Analistas econômicos, empresários e executivos estão divididos sobre o futuro da economia nas próximas semanas. Para uns, a economia já dá sinais de esgotamento na capacidade do consumidor se endividar no curto prazo e o consumo do Natal não deve ser tão forte como alguns esperam.
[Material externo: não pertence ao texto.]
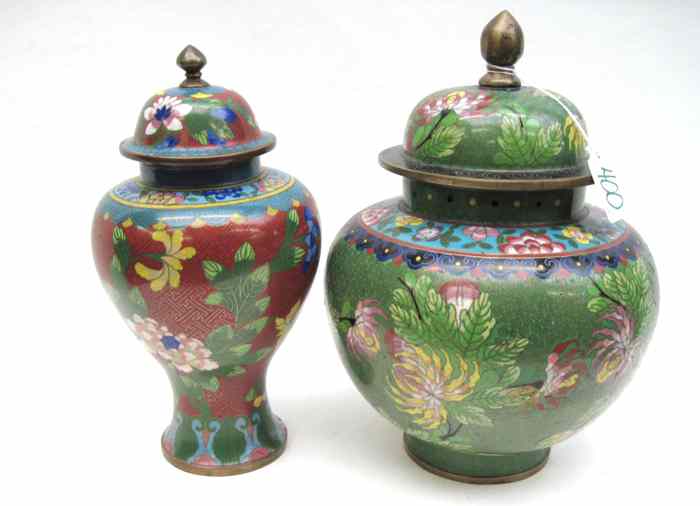 Appraisal: TWO CHINESE CLOISONNE GINGER JARS the larger with green ground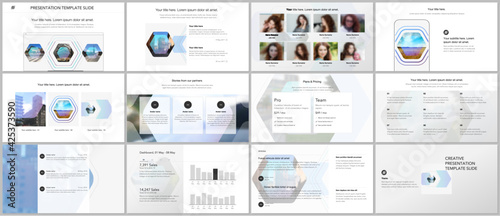 Vector templates for website design, presentations, portfolio. Templates for presentation slides, flyer, leaflet, brochure cover, report. Corporate identity business concept background with hexagons.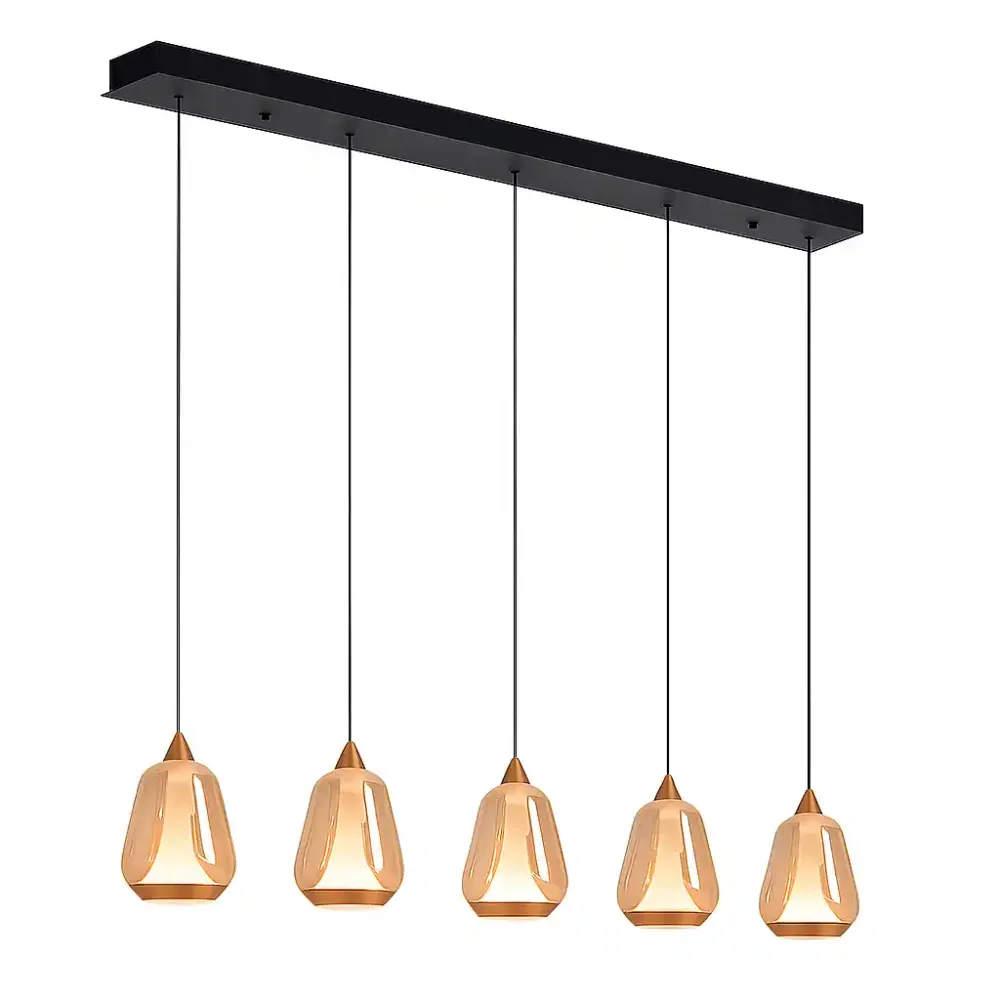 Highlight hanglamp Tromba - 5 lichts - 108 x 155 cm - amber zwart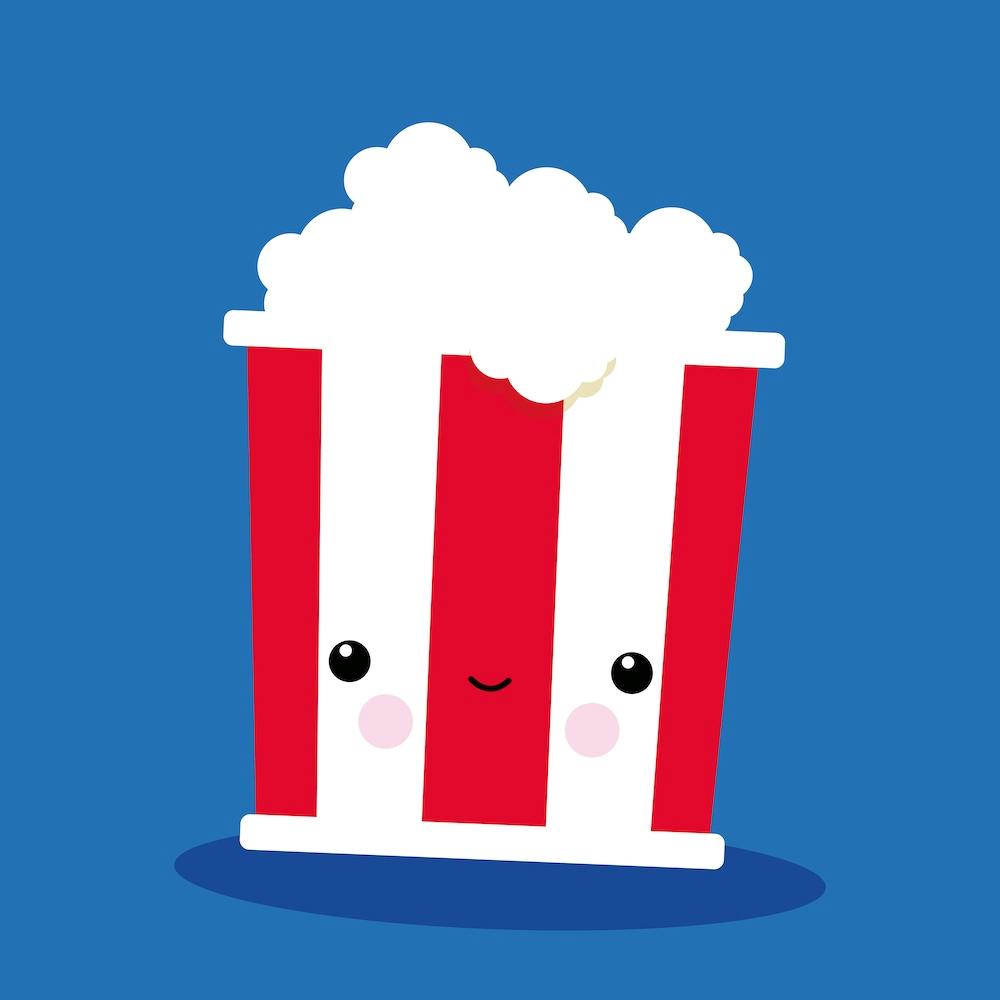 Chill Out Kawaii Popcorn Quadrat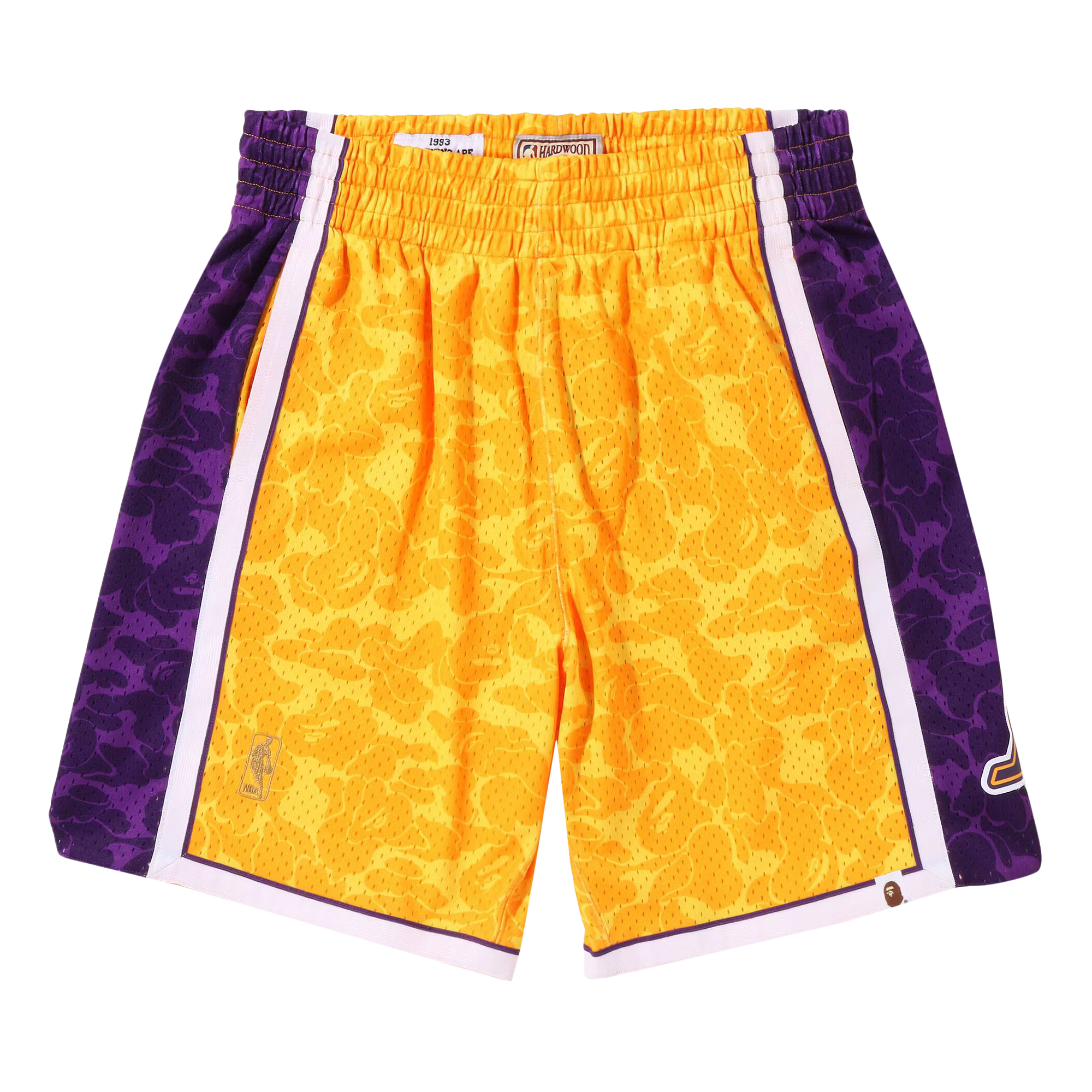 Pre-owned Bape X Mitchell & Ness Los Angeles Lakers Shorts 'yellow'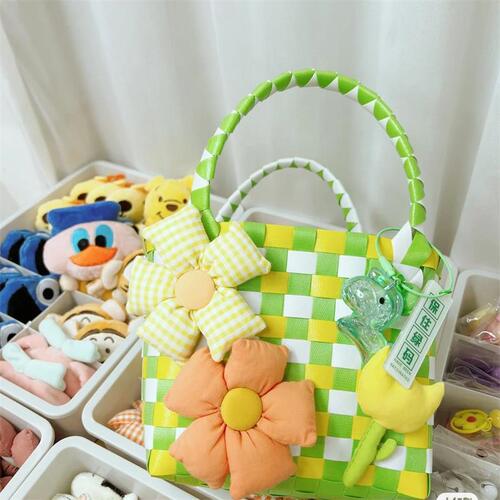 Red Book Street Food Basket Woven Bag Colorful Woven Basket Bag Handheld Basket Cartoon DIY Gift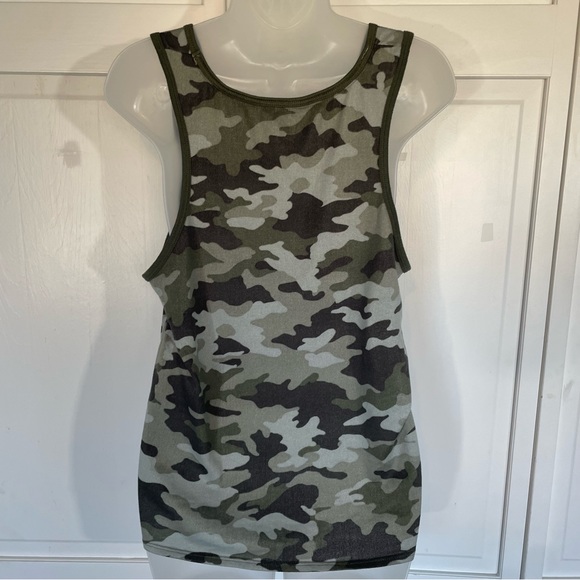 Lucky Brand Green Camo Army PJ Pajama Sets Soft Comfy Pants Tank Tee L - Picture 11 of 15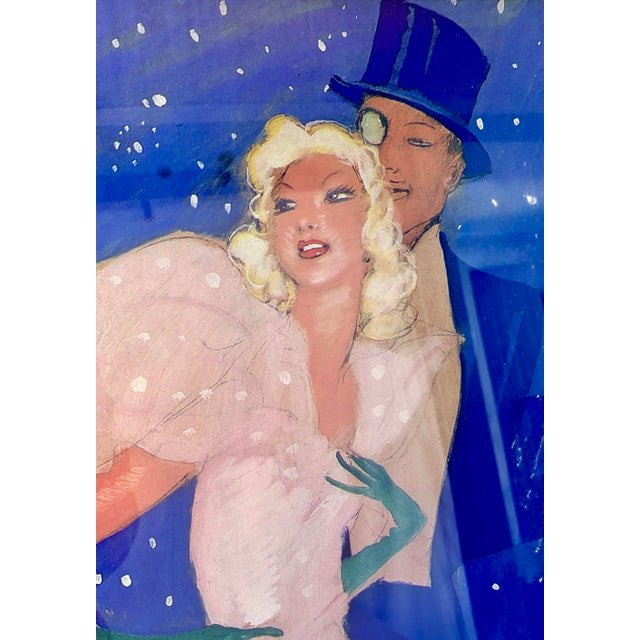 Framed vintage-style travel print titled “L’Hiver à Monte-Carlo” (Winter in Monte Carlo), after French artist Jean-Gabriel...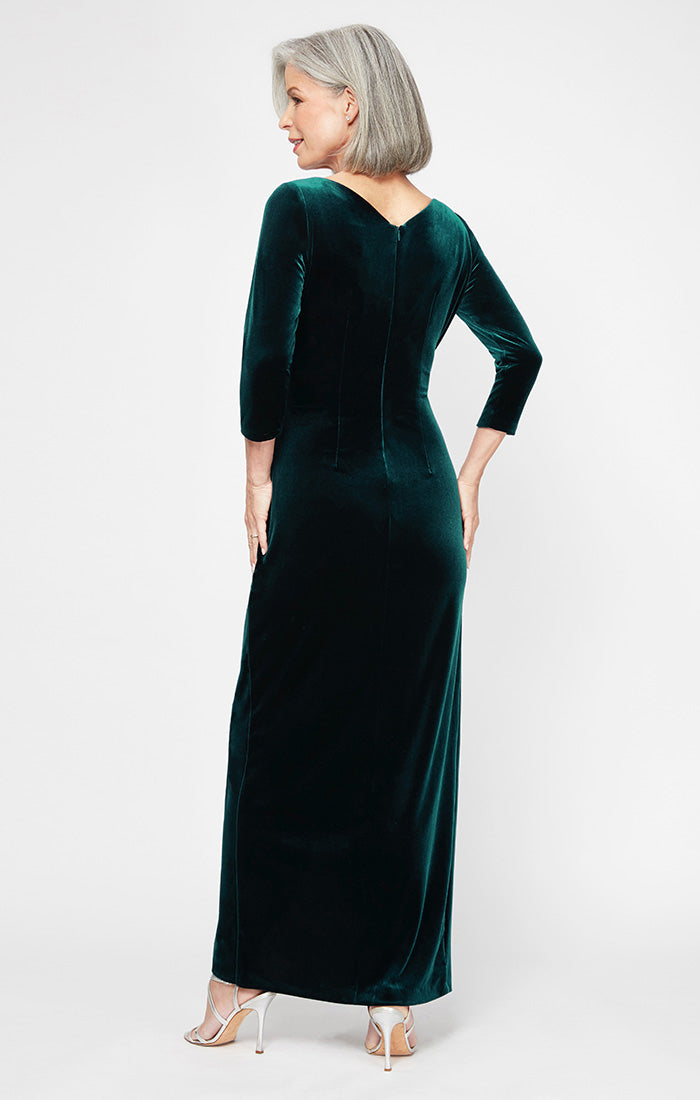 Long Surplice Neckline Velvet Dress with Tulip Overlay Hem Skirt and 3/4 Sleeves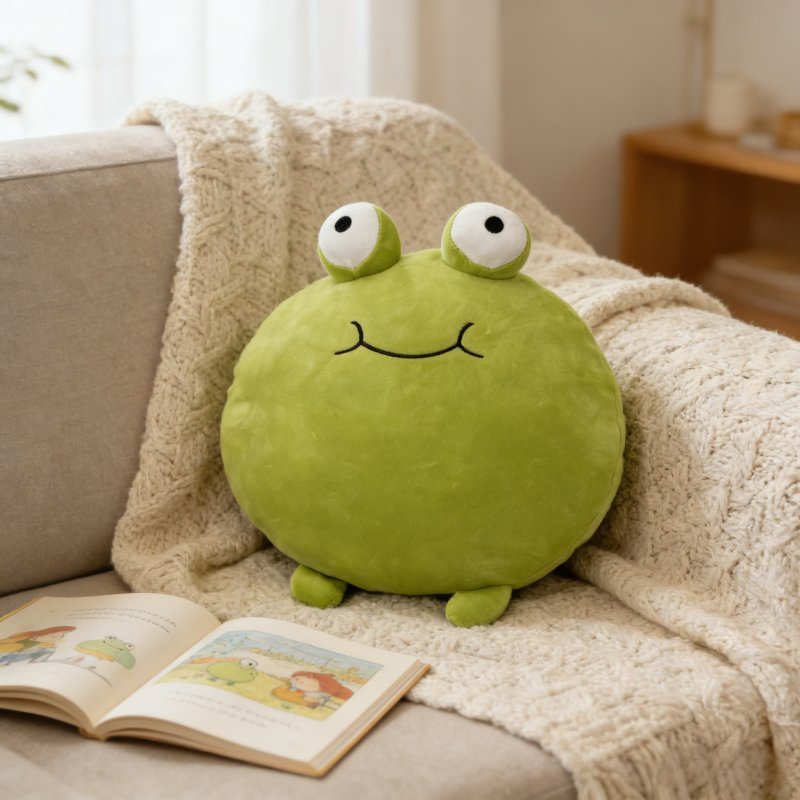 Cute Cartoon Frog Plush Throw Pillow Soft Stuffed Animal Decorative Cushion for Kids &amp; Sofa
Para outros, os sinais ainda são positivos e a economia vai aquecer.
A preocupação com o movimento deste final de ano se justifica: dele depende a adoção ou não de medidas de restrição ao crescimento econômico por parte do governo no início de 1997. Se as vendas forem muito boas e zerarem o estoque das lojas, haverá compras de reposição de mercadorias no começo do ano que vem, o que pode aquecer a economia além da expectativa do governo. Vendas mais fracas significam compras menores em janeiro e fevereiro, imprimindo um ritmo mais lento. Nesta hipótese, haveria um freio espontâneo.
A inadimplência do consumidor é o indicador que será analisado com mais cautela. Duas séries distintas mostram crescimento no calote desde outubro. O registro de novos inadimplentes no Serviço de Proteção ao Crédito (SPC) aumentou 18% em outubro sobre setembro e nos primeiros quinze dias de novembro voltou a subir 6% sobre o mesmo período de outubro, informa a Associação Comercial de São Paulo (ACSP). Em relação aos níveis alarmantes de 95, a inadimplência está menor.
Os números da Servloj, empresa que administra carteiras de crédito ao consumidor para oito bancos e várias lojas, mostram que os atrasos superiores a 180 dias aumentaram desde setembro e chegaram a outubro em um nível superior ao de junho: 5,85% do total de compras. Para Celso Galletti, da Servloj, ‘‘a inadimplência continuará subindo’’.
Vendas Dois termômetros de vendas também indicam a possibilidade de um Natal mais fraco do que o esperado. As consultas ao SPC ficaram 0,1% negativas entre os dias 1º e 21 de novembro em comparação ao mesmo período do ano passado. Esse comportamento é fora do normal: em 95, as vendas cresceram 5,4% na média diária entre estes dois meses. Emílio Alfieri, da Associação Comercial de São Paulo, diz que é preciso esperar o final do mês para analisar o que está acontecendo. ‘‘No dia 30 tem pagamento do 13º, o que pode modificar esse resultado’’. Na indústria, as vendas da linha branca subiram 9,63% em outubro sobre setembro e caíram 0,42% para a linha de imagem e som.
Para o chefe de análises econômicas do Banco JP Morgan, Marcelo Carvalho, a economia vem em um ritmo bom de crescimento. ‘‘Setembro sobre agosto deu alta de 1,3%, acima dos fatores sazonais’’, diz ele, lembrando que este é um ‘‘crescimento forte’’. Carvalho partilha da opinião de que a atividade vai encerrar 1996 em um ritmo alto e levará o governo a adotar medidas de restrição da atividade. O superintendente de análises econômicas do Banco Pontual, Carlos Guzzo, vai por outra linha. Para ele, a capacidade do consumidor se endividar no curto prazo está comprometida e as vendas de final de ano tendem a ser menores.